Assigned task: Skipping any pictures, give all of the records below again exactly.

_ _ _ _ _ _ _

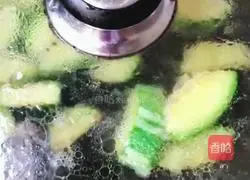 Illustration of how to make pumpkin noodles 4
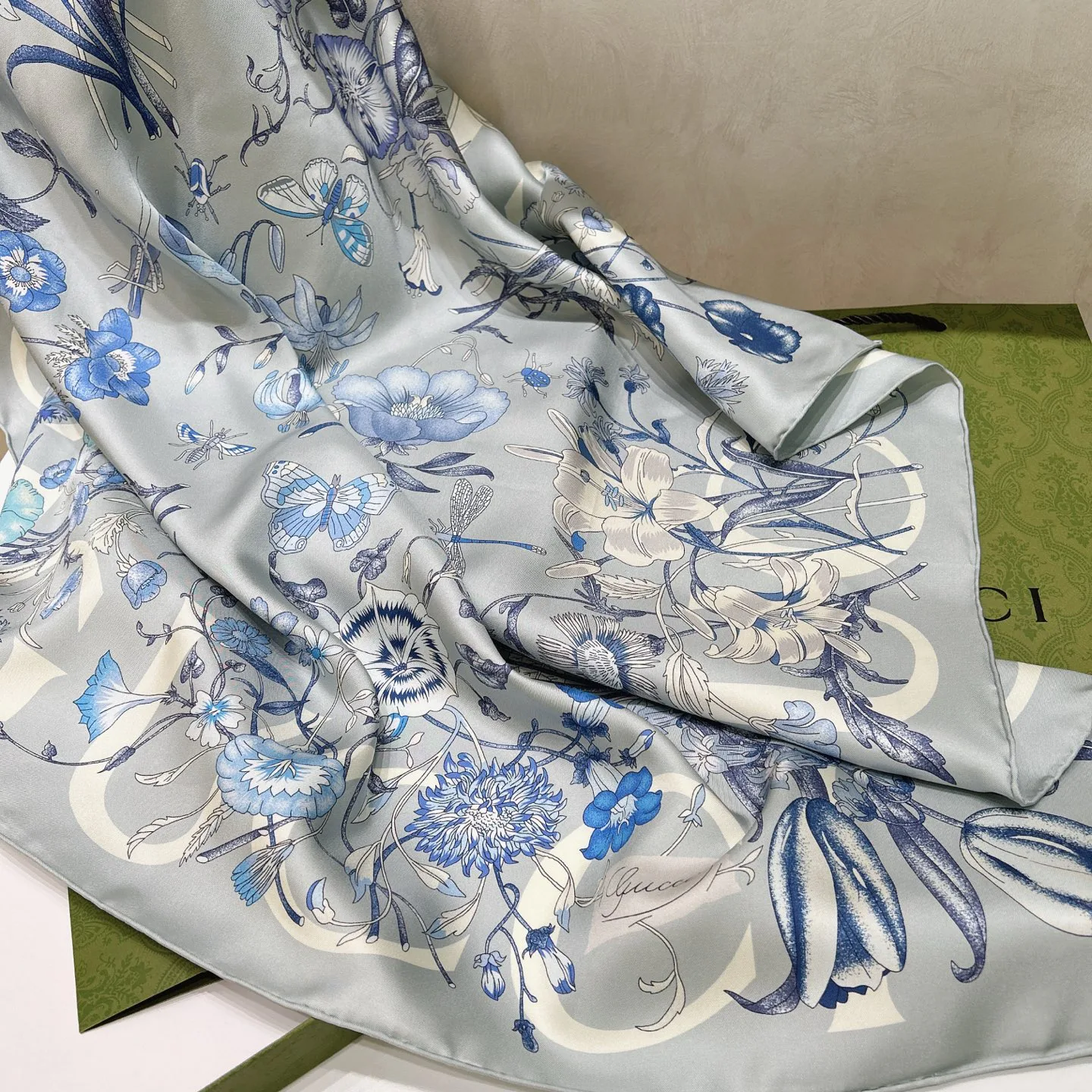 Шарфы Gucci 19721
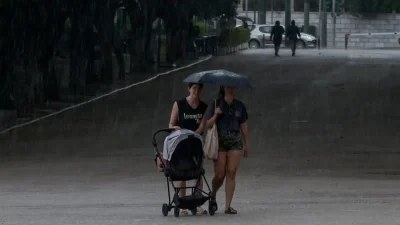 Καιρός: Συνεχίζονται οι καταιγίδες για πέμπτη ημέρα - Πότε επιστρέφει το καλοκαίρι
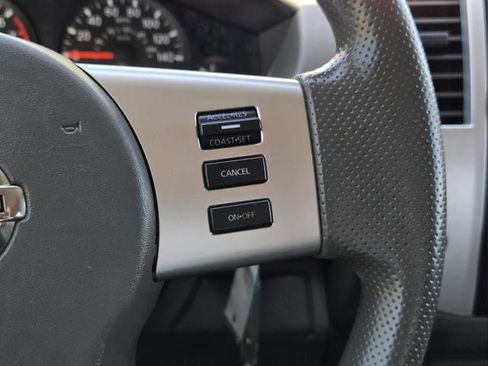 Used 2018 Nissan Frontier SV RWD image 28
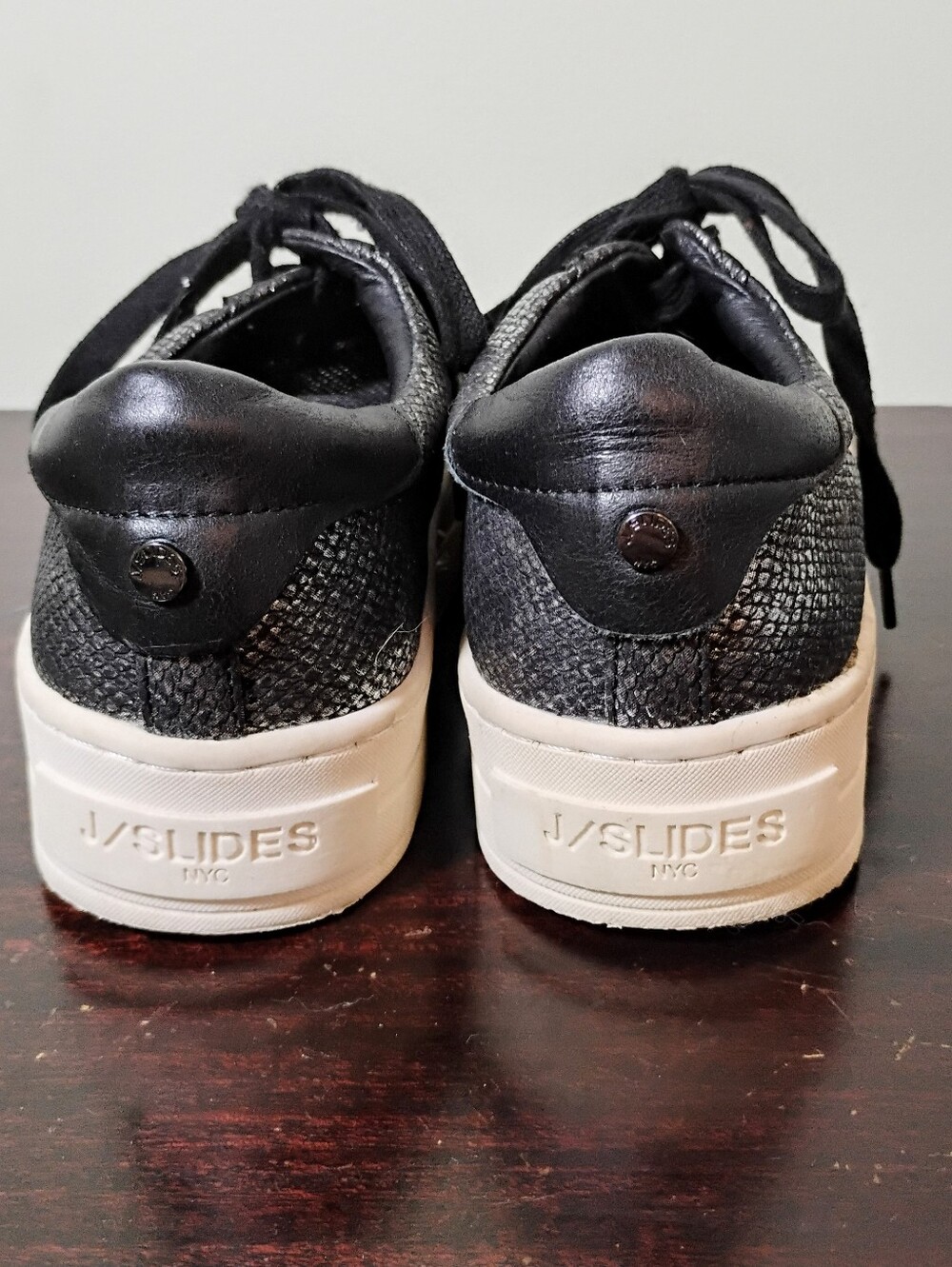 J/SLIDES NYC Metallic Snakeskin Platform Sneakers - Size 7.5 - Picture 5 of 10
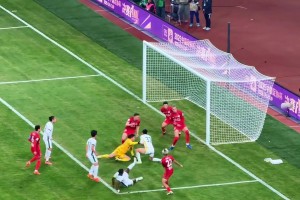 中超金靴的价值！实拍：法比奥挂着对手打门+快速起身补射破门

_ _ _ _ _ _ _

Exercise solution:
 Illustration of how to make pumpkin noodles 4
 Шарфы Gucci 19721
 Καιρός: Συνεχίζονται οι καταιγίδες για πέμπτη ημέρα - Πότε επιστρέφει το καλοκαίρι
 Used 2018 Nissan Frontier SV RWD image 28
 J/SLIDES NYC Metallic Snakeskin Platform Sneakers - Size 7.5 - Picture 5 of 10
 中超金靴的价值！实拍：法比奥挂着对手打门+快速起身补射破门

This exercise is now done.